BATMAN RETURNS / BATMAN, LE DÉFI ++

27 Juil

C’était le temps ou Burton refusait d’intégrer des gimmicks poussifs (Robin en l’occurrence – les producteurs s’en remettront à Schumacher) et de transiger sur son autonomie artistique. Le succès de Batman lui ayant permis de confectionner comme il l’entendait son si personnel (mais à l’aura et aux charmes contestables) Edward aux mains d’argent, Burton a pris goût à la liberté et sait désormais parfaitement canaliser son imaginaire. Il va alors réaliser ce qui demeurera l’un de ses meilleurs films avec Ed Wood et Mars Attacks ! (aujourd’hui, après Alice au pays des merveilles, il semble que ce tryptique soit indétrônable – mais, sait-on jamais…).

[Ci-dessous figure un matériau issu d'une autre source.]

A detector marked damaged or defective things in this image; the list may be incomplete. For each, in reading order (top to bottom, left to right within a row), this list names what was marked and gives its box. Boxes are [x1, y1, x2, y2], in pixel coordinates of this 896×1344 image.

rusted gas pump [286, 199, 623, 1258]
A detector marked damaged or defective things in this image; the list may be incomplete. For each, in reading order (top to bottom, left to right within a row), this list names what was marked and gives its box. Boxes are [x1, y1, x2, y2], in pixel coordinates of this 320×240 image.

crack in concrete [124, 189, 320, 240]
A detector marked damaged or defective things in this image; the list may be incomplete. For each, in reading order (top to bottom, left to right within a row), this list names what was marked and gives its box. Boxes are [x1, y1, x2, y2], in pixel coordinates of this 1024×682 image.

Moins bancal que le premier Batman (ce qui ne le rendait pas moins jouissif et, déjà, bluffant sur le plan plastique comme pour la prestation de Nicholson), ou le kitsch l’emportait sur la profondeur psychique des personnages, Batman Returns voit Burton atteindre une symbiose presque absolue avec le matériau cinématographique, en lui appliquant plus habilement que jamais l’emprunte de ses rêves. L’esthétique burtonienne est subjuguée par les influences expressionnistes, déjà en vigueur dans le premier Batman, mais poussées ici à leur plus haut degré. Un tantinet gothique naturellement, le film est aussi ludique, avec les gadgets du Pingouin, arguments majeurs pour constituer un film-culte. Massif et ténébreux, ce second volet de la saga marque probablement le paroxysme burtonien ; c’est un peu son Lost Highway à lui.

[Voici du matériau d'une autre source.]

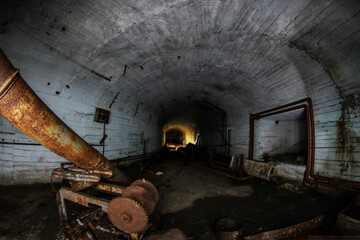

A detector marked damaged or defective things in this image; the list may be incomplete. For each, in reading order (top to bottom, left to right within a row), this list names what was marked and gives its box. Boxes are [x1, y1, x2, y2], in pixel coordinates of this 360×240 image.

rusted equipment [0, 47, 130, 185]
rusty pipe [0, 47, 131, 185]
corroded metal machinery [0, 48, 160, 238]
rusted equipment [56, 179, 158, 235]
rusted equipment [215, 218, 243, 239]
rusted equipment [243, 216, 324, 240]
rusted equipment [336, 194, 358, 233]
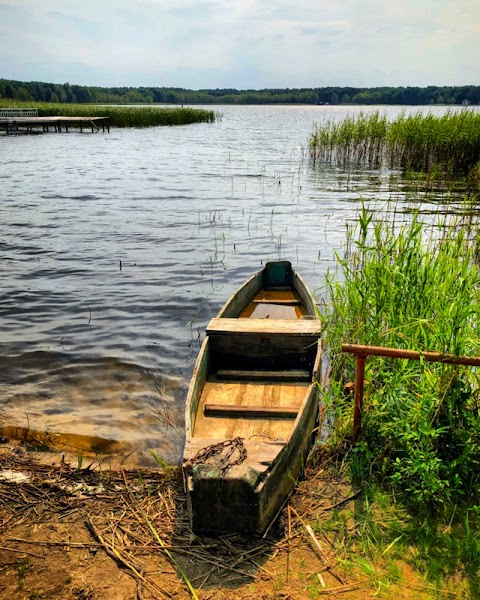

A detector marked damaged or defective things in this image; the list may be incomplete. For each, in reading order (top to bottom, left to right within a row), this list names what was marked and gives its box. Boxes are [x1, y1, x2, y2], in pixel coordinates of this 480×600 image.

rusty metal pole [350, 354, 366, 442]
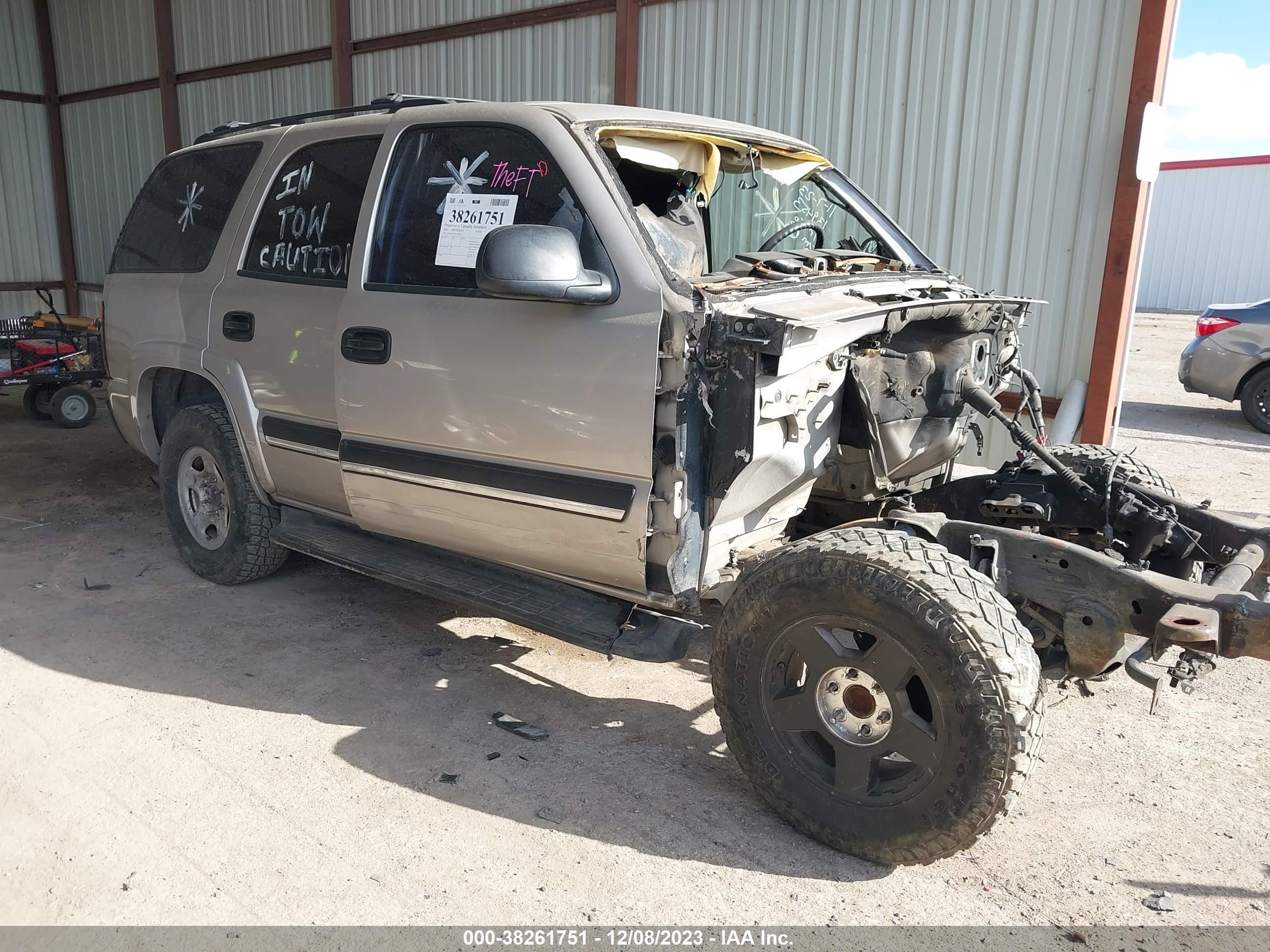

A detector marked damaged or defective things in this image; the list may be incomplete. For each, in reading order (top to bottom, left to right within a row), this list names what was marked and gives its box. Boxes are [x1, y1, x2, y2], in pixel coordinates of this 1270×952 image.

wrecked suv [104, 97, 1270, 863]
detached front wheel [716, 530, 1041, 863]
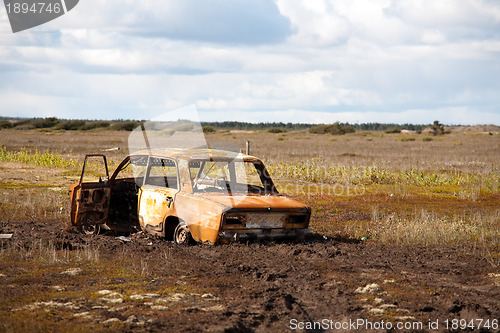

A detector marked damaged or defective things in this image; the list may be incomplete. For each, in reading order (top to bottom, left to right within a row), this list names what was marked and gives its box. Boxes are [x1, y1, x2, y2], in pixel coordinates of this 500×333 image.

rusty metal [68, 149, 310, 243]
burned car shell [69, 149, 312, 243]
abandoned rusty car [69, 148, 312, 244]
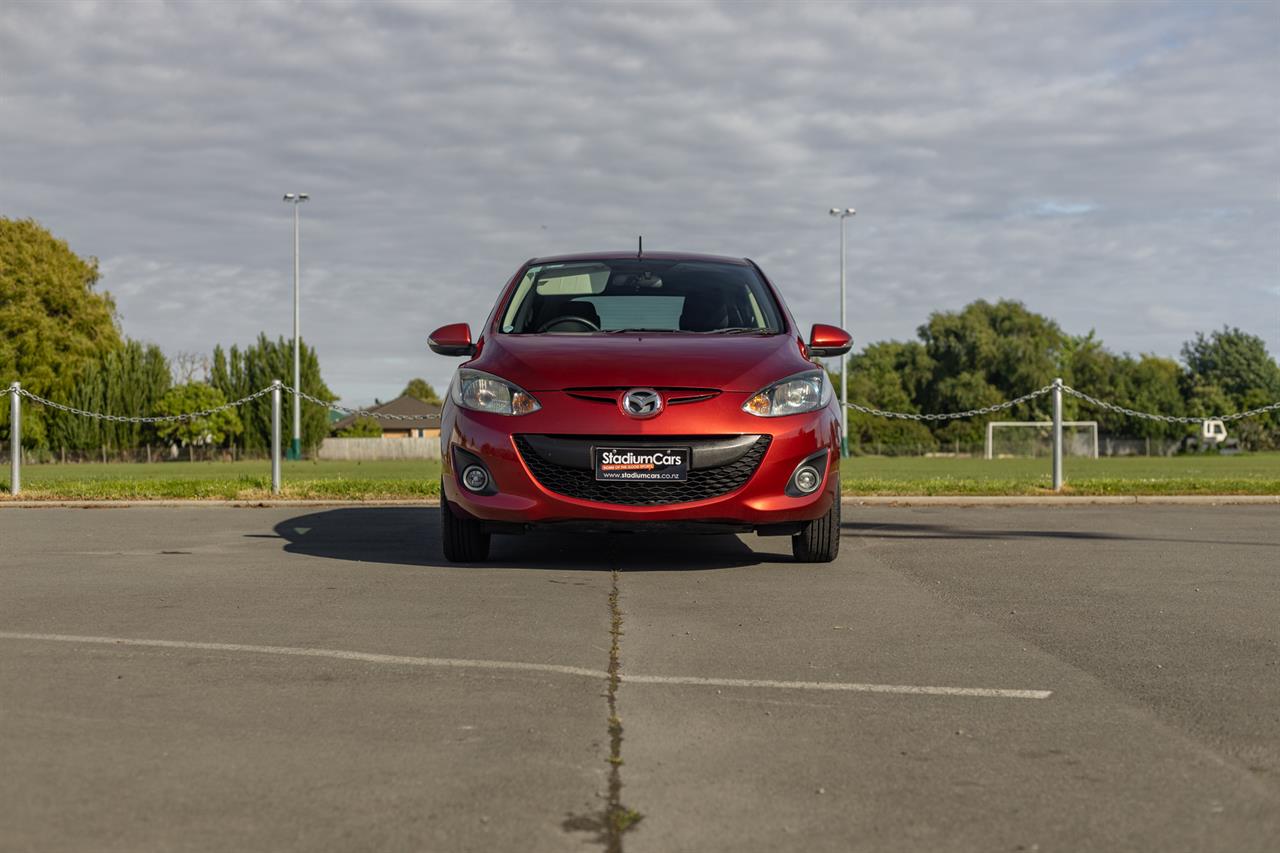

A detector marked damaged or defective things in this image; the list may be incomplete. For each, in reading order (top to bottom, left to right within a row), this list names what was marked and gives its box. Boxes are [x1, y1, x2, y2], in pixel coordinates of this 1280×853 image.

crack in asphalt [563, 563, 640, 850]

Batman Returns est une farce mélancolique, investie comme telle dès son intro avec le prologue de l’histoire de ce Pingouin, monstre obscène, erreur de la Nature décidée à prendre sa revanche, dont Burton en fait une figure christique en son genre (les 33 ans -évoquant Jésus-, le berceau sur l’eau – rappelant Moise). C’est aussi un conte adulte ou des êtres jouent la nuit aux méchants ou aux super-héros. D’une noirceur sans égal dans la mythologie Burtonienne, avec ses héros vulnérables, ses méchants attractifs et la bad romance entre Bruce/Salina (Batman/Catwoman), Batman Returns met en lumière et insiste sur la dualité de ses personnages tout en invitant à éprouver une sympathie infinie pour les méchants. Sauf que cette fois, ce n’est plus au détriment de Batman, certes encore moins présent, mais lui-même devenu beaucoup plus ambigu. Car les méchants devenant héros du film, Batman se doit de rivaliser et de se révéler plus tortueux qu’il n’en a eu l’air. On le découvre alors lui-même à la frontière entre le Bien et le Mal (sujet passablement esquivé dans le premier opus) commandé par une volonté de puissance, tuant les criminels au lieu de sagement les mettre hors-piste.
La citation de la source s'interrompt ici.